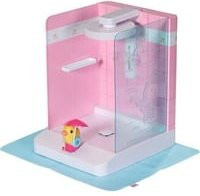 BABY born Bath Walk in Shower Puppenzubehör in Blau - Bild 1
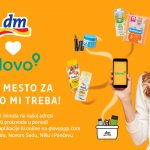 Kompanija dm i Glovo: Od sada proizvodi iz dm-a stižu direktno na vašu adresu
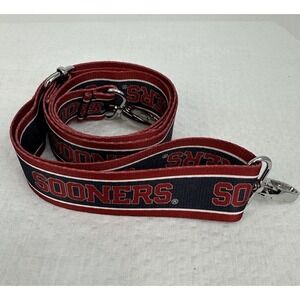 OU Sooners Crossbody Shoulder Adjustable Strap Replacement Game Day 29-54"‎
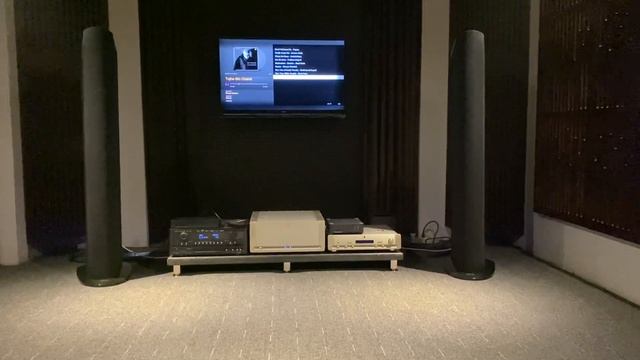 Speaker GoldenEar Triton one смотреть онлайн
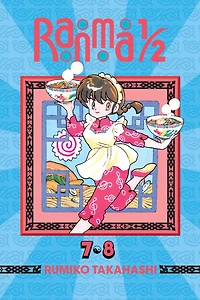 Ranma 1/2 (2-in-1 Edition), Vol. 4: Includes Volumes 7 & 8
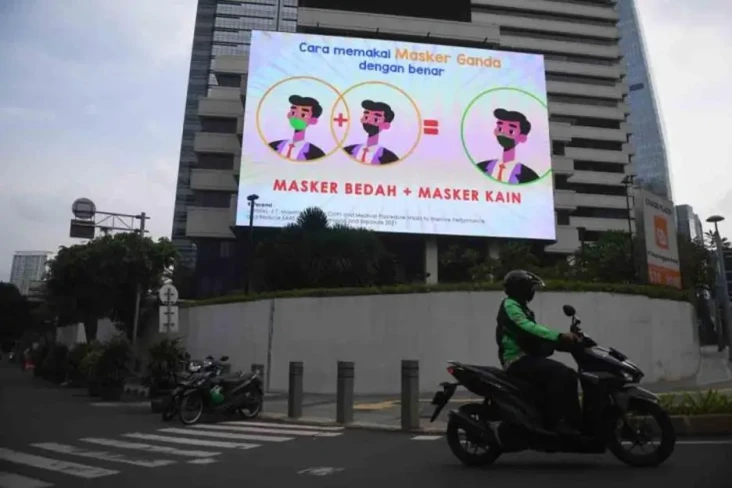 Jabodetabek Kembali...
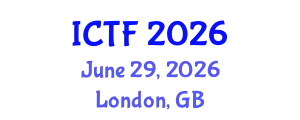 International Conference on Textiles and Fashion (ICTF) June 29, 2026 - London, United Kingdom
--------------------------------
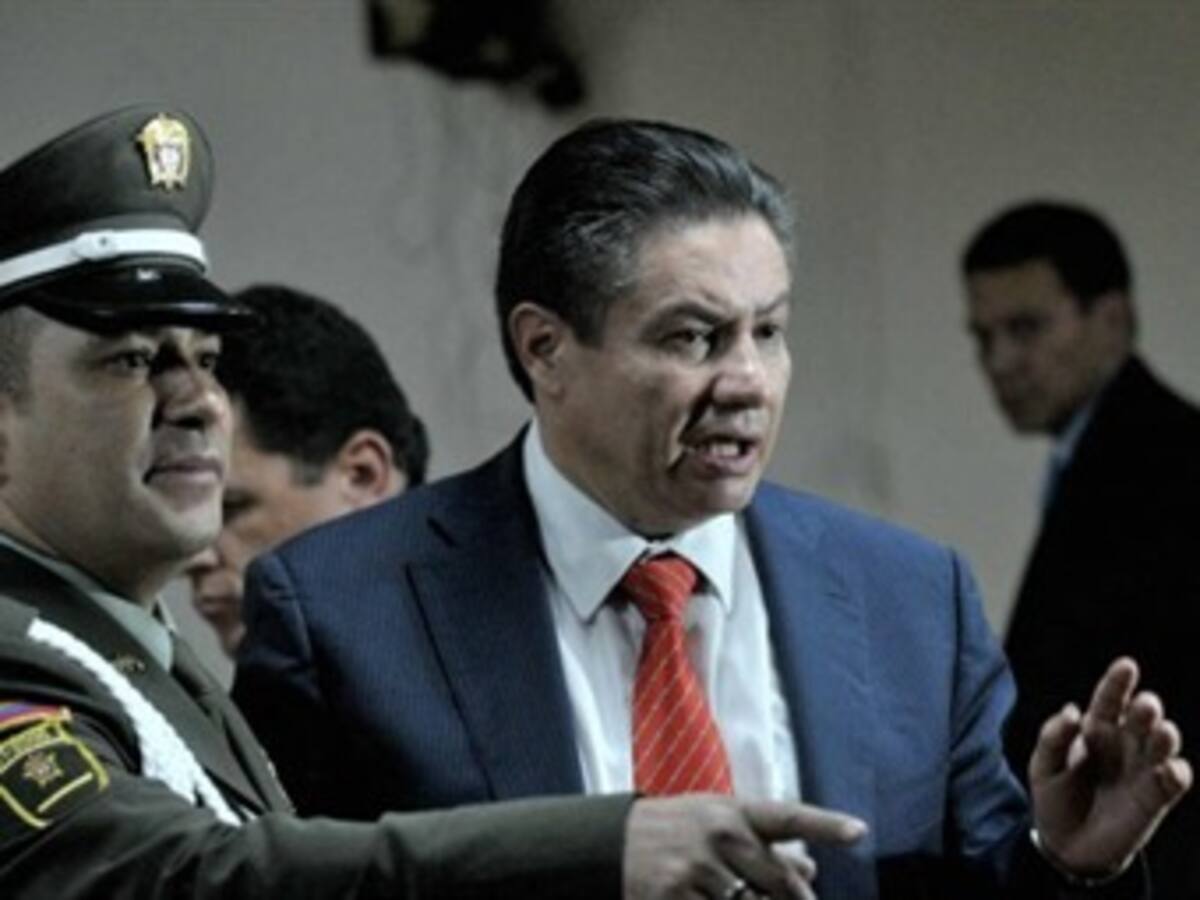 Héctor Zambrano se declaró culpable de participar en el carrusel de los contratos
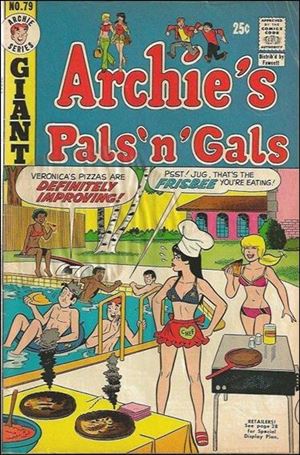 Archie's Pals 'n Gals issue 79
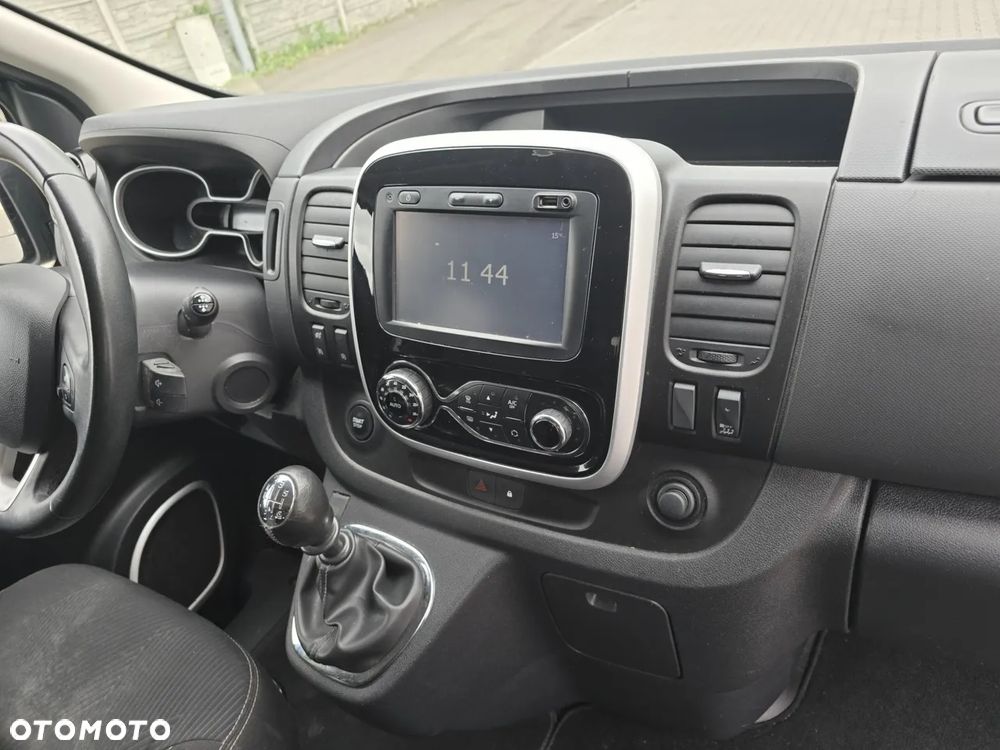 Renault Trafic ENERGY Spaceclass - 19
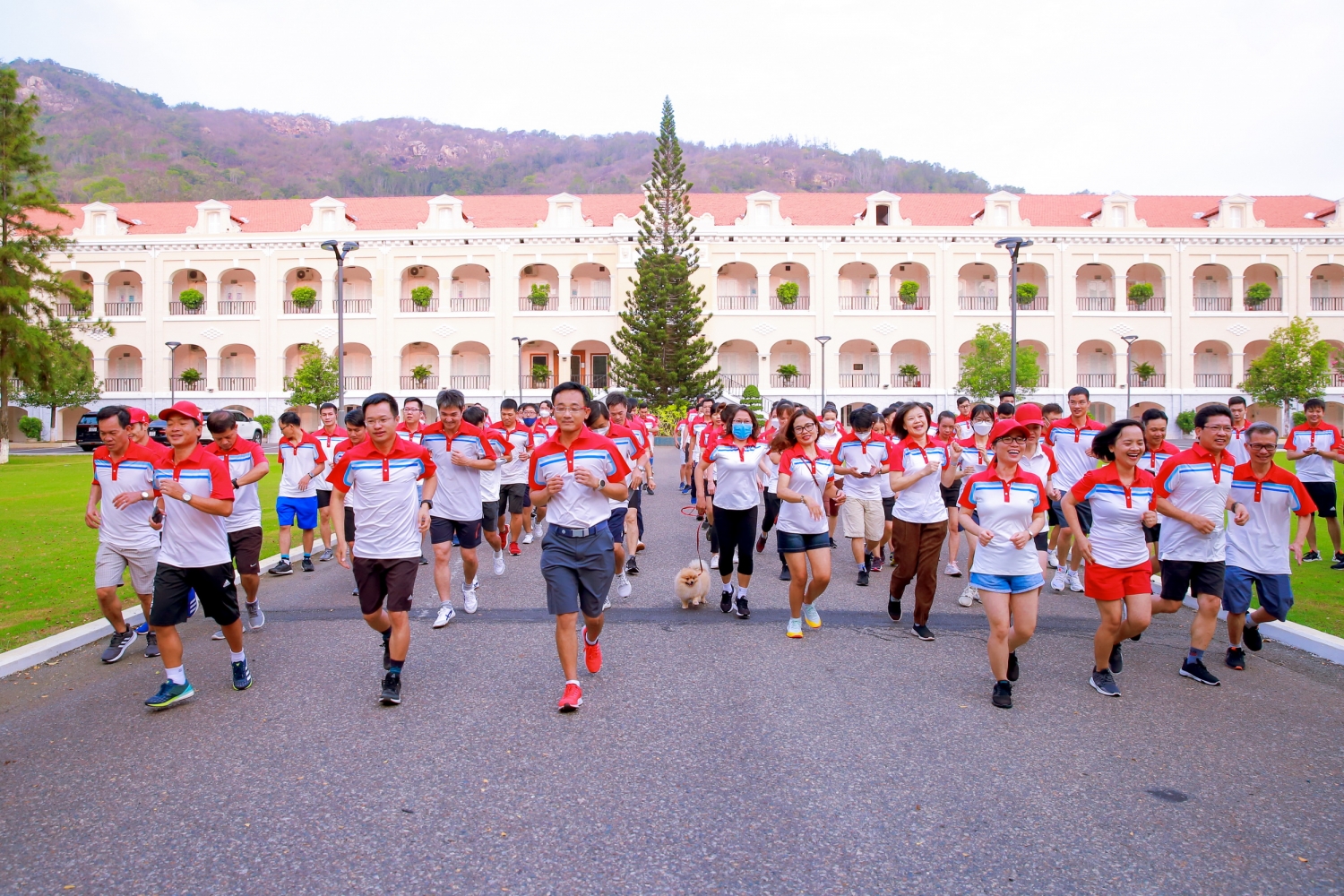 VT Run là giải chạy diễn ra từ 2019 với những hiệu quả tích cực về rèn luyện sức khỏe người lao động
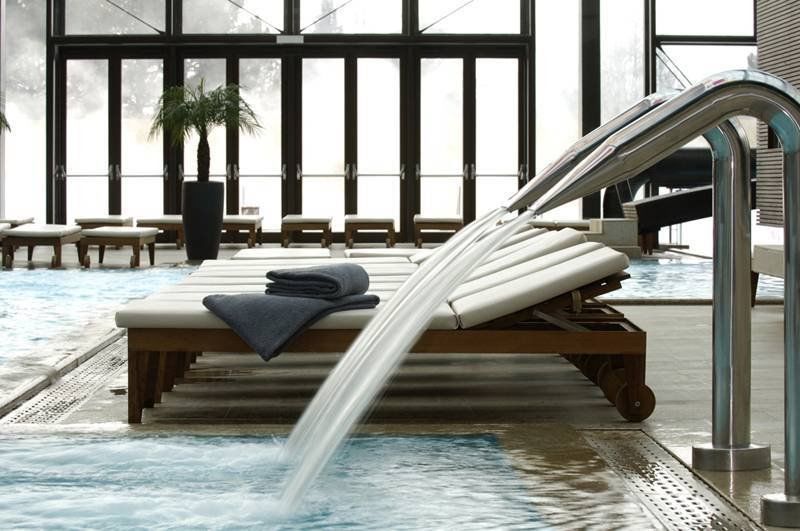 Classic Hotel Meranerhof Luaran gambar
--------------------------------
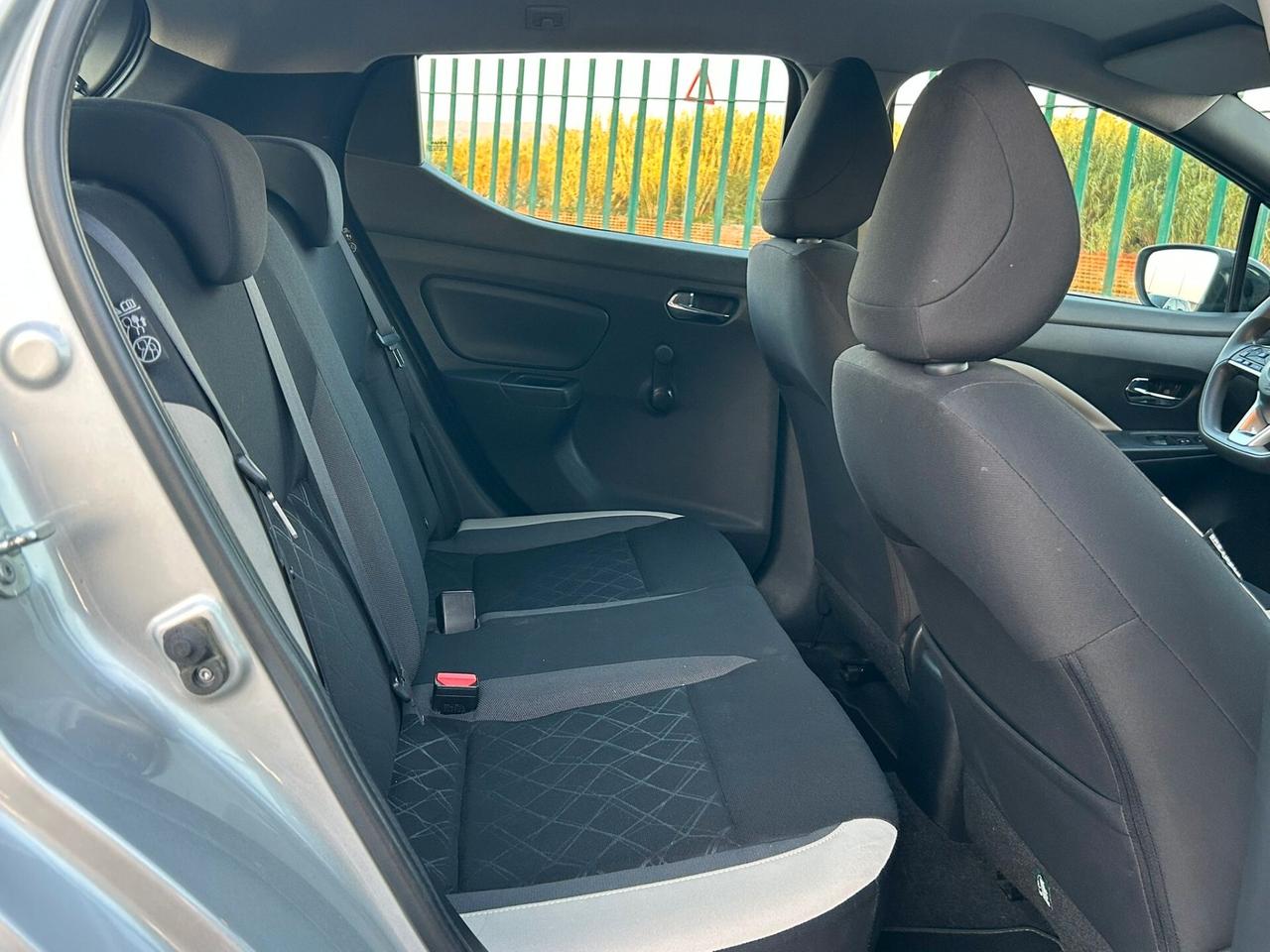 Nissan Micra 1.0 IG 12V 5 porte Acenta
--------------------------------
#### ACTION ITEM
Output only the lines above from the line that holds "BABY born Bath" through the line that holds "International Conference on", both ends included, and exclude pictures.

#### ANSWER SECTION
 BABY born Bath Walk in Shower Puppenzubehör in Blau - Bild 1
 Kompanija dm i Glovo: Od sada proizvodi iz dm-a stižu direktno na vašu adresu
 OU Sooners Crossbody Shoulder Adjustable Strap Replacement Game Day 29-54"‎
 Speaker GoldenEar Triton one смотреть онлайн
 Ranma 1/2 (2-in-1 Edition), Vol. 4: Includes Volumes 7 & 8
 Jabodetabek Kembali...
 International Conference on Textiles and Fashion (ICTF) June 29, 2026 - London, United Kingdom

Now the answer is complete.